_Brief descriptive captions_

○ ○ ○

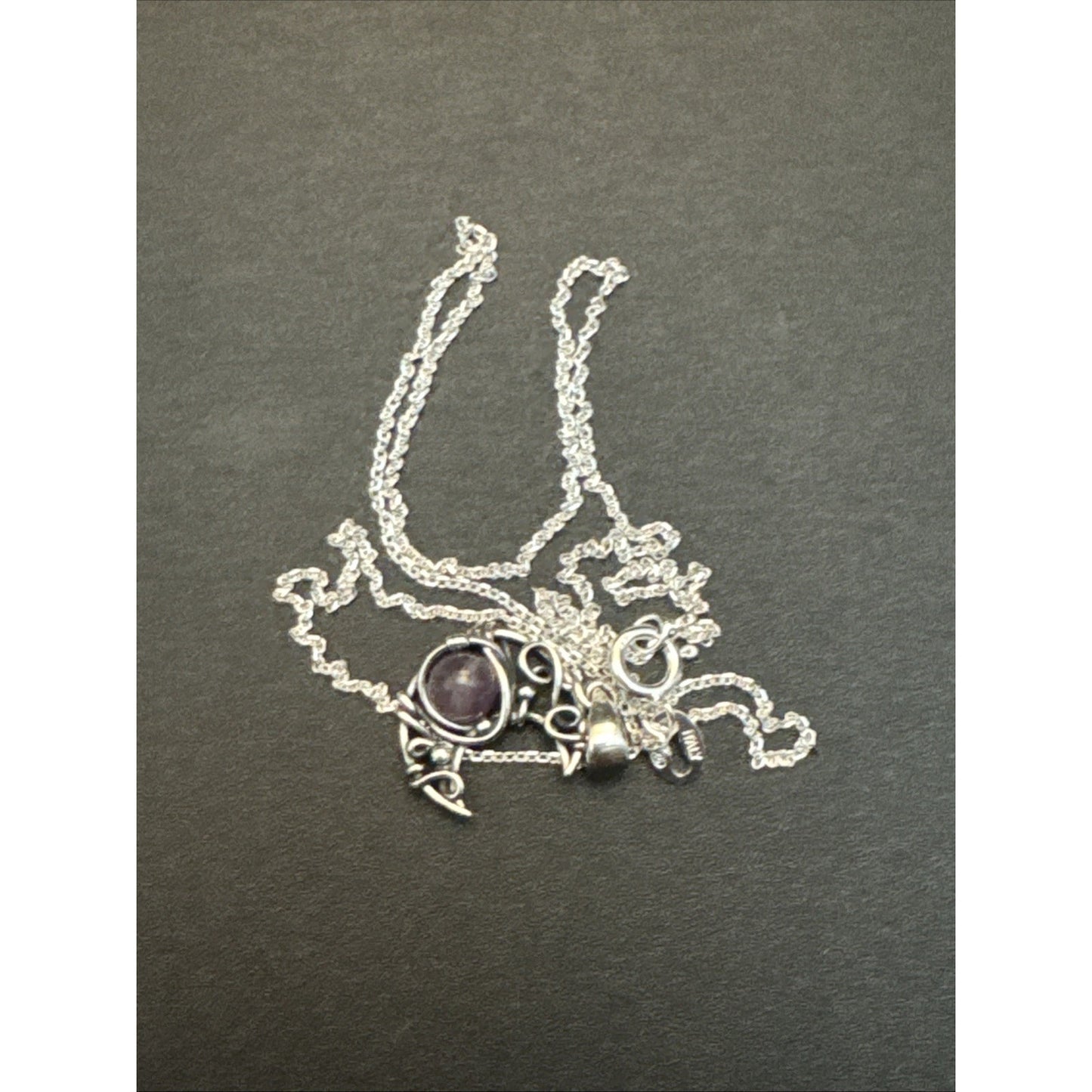 18” New Condition Sterling Silver Amethyst Crescent Moon Pendant Necklace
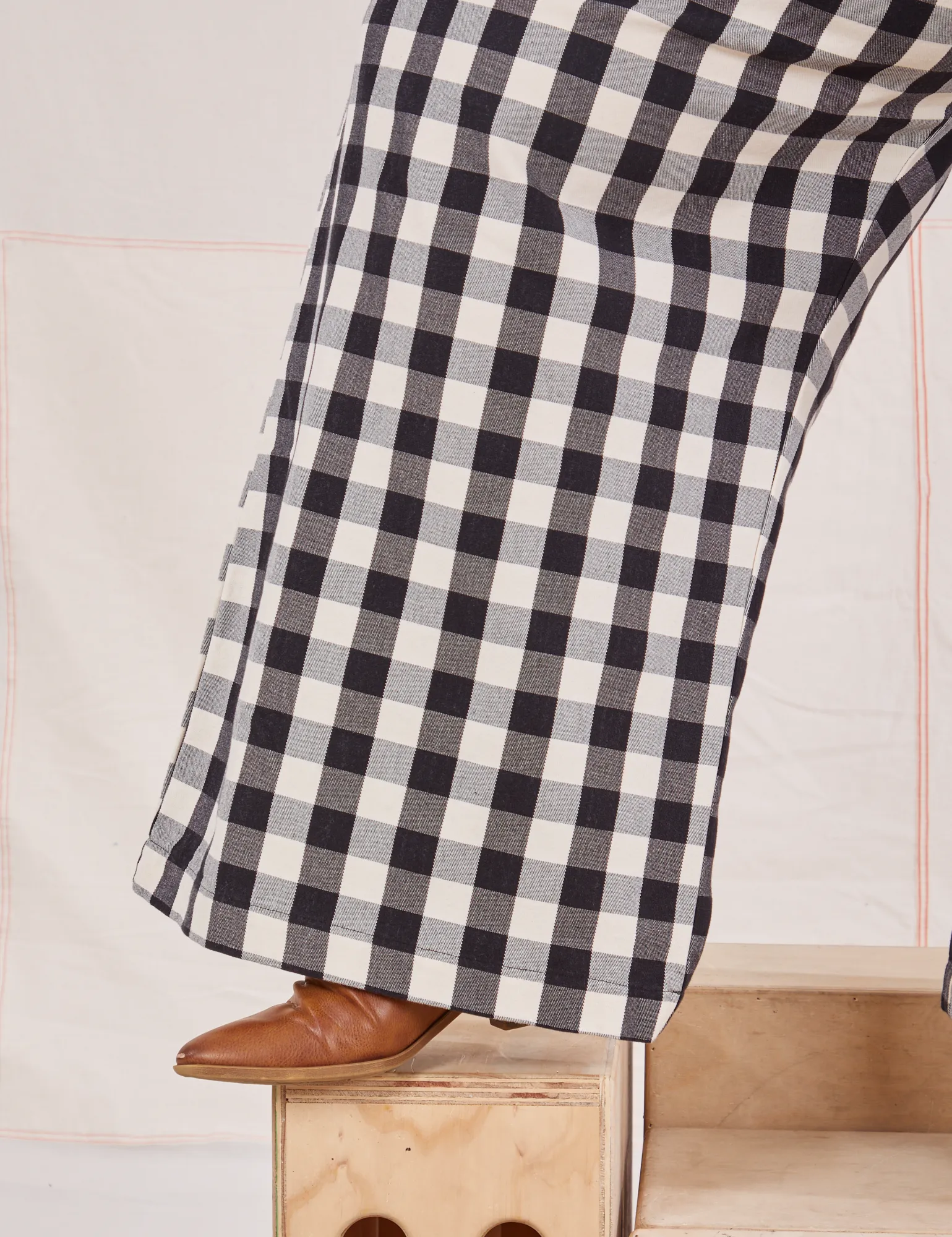 Wide Leg Trousers - Big Gingham *FINAL SALE*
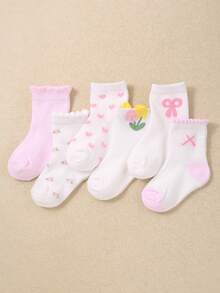 24/12/6 双装粉白相间郁金香蝴蝶结双层蕾丝婴儿袜，0-36 个月女童洛丽塔公主风袜子，镂空设计搭配玛丽珍鞋，超柔软弹力透气日常袜，适合春夏各种场合，婴儿袜，女童袜，公主袜，蕾丝袜，船袜，返校礼物，派对装扮，女童衣橱系列 - 彩色 - 查看 7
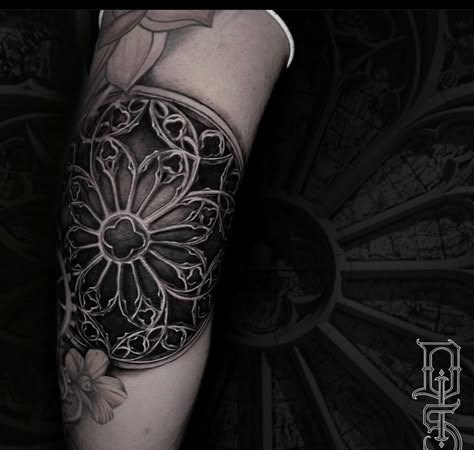 Rose Window Tattoo Design, Rose Window Tattoo, Architectural Tattoo, Where Tattoo, Full Leg Tattoos, Hand And Finger Tattoos, Elbow Tattoos, Half Sleeve Tattoos For Guys, Bicep Tattoo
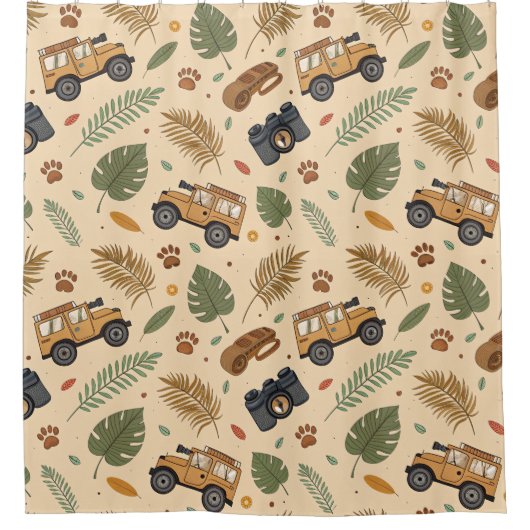 Rideaux De Douche Vintage Road Trip Pattern (3) (Devant)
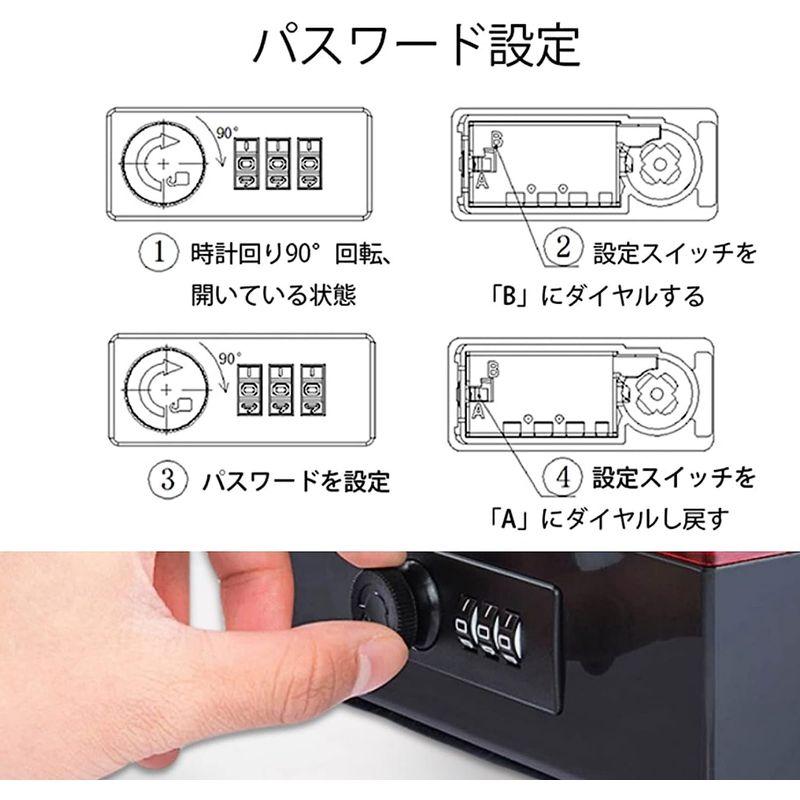 heizi ハンコケース 印鑑ケース 鍵付き ダイヤルロック 式 ゴム印 会社 法人 印鑑 整理 判子 入れ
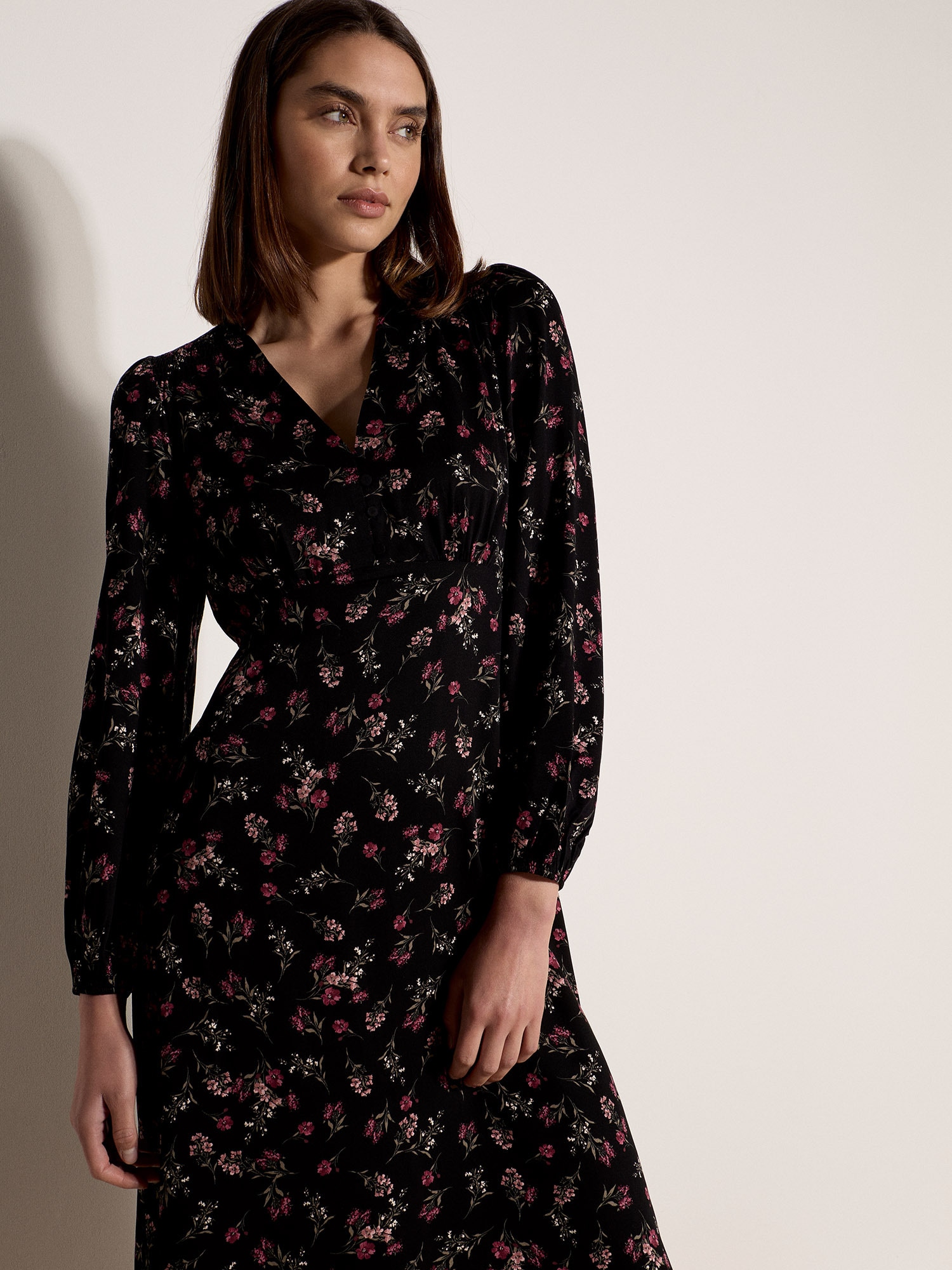 Apricot Midikleid »Wadenlanges Kleid« mit Blumenprint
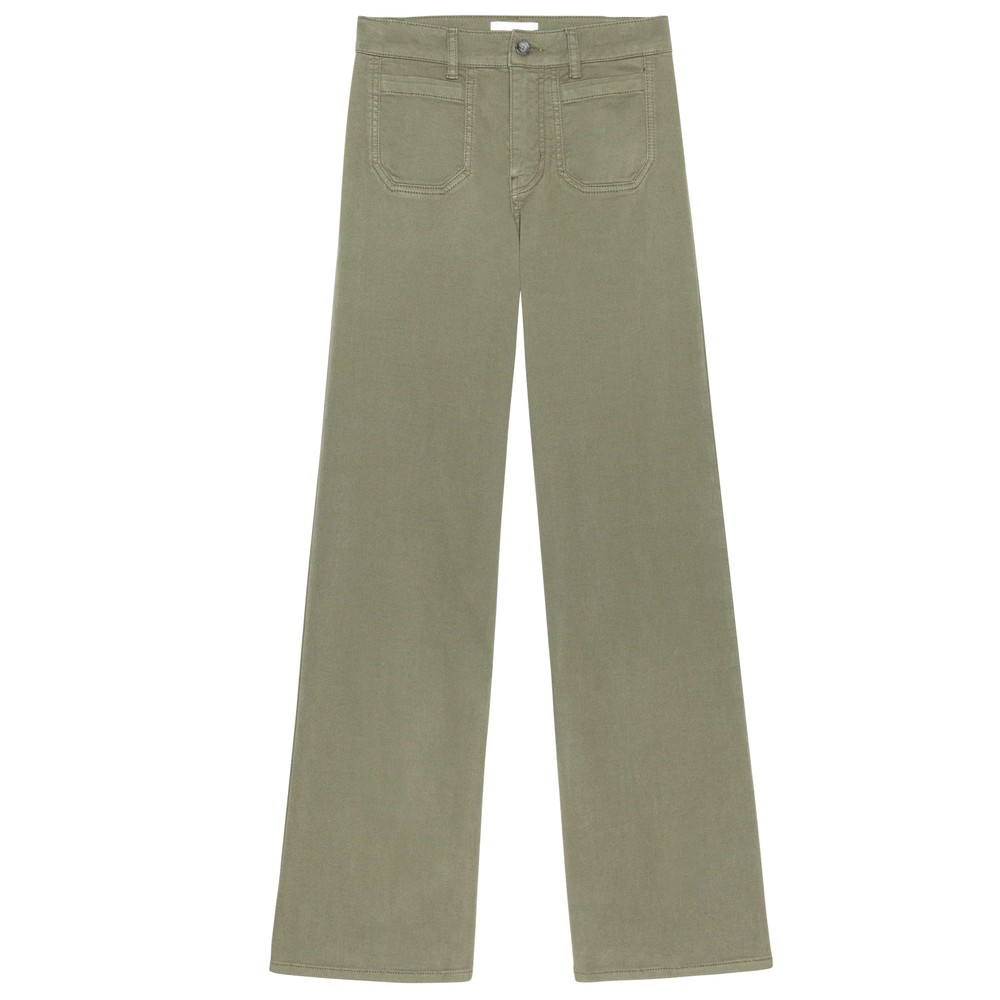 Frame Denim Women's Green Le Slim Palazzo Modern Pocket Flare Jeans - Grasshopper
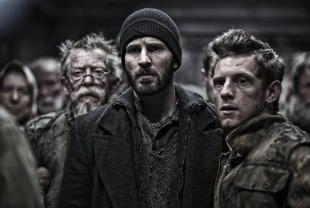 John Hurt as Gilliam, Chris Pine as Curtis, and Jamie Bell as Edgar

○ ○ ○

_Work item_
Set each line of the records down exactly, leaving every picture out.

_Your solution_
 18” New Condition Sterling Silver Amethyst Crescent Moon Pendant Necklace
 Wide Leg Trousers - Big Gingham *FINAL SALE*
 24/12/6 双装粉白相间郁金香蝴蝶结双层蕾丝婴儿袜，0-36 个月女童洛丽塔公主风袜子，镂空设计搭配玛丽珍鞋，超柔软弹力透气日常袜，适合春夏各种场合，婴儿袜，女童袜，公主袜，蕾丝袜，船袜，返校礼物，派对装扮，女童衣橱系列 - 彩色 - 查看 7
 Rose Window Tattoo Design, Rose Window Tattoo, Architectural Tattoo, Where Tattoo, Full Leg Tattoos, Hand And Finger Tattoos, Elbow Tattoos, Half Sleeve Tattoos For Guys, Bicep Tattoo
 Rideaux De Douche Vintage Road Trip Pattern (3) (Devant)
 heizi ハンコケース 印鑑ケース 鍵付き ダイヤルロック 式 ゴム印 会社 法人 印鑑 整理 判子 入れ
 Apricot Midikleid »Wadenlanges Kleid« mit Blumenprint
 Frame Denim Women's Green Le Slim Palazzo Modern Pocket Flare Jeans - Grasshopper
 John Hurt as Gilliam, Chris Pine as Curtis, and Jamie Bell as Edgar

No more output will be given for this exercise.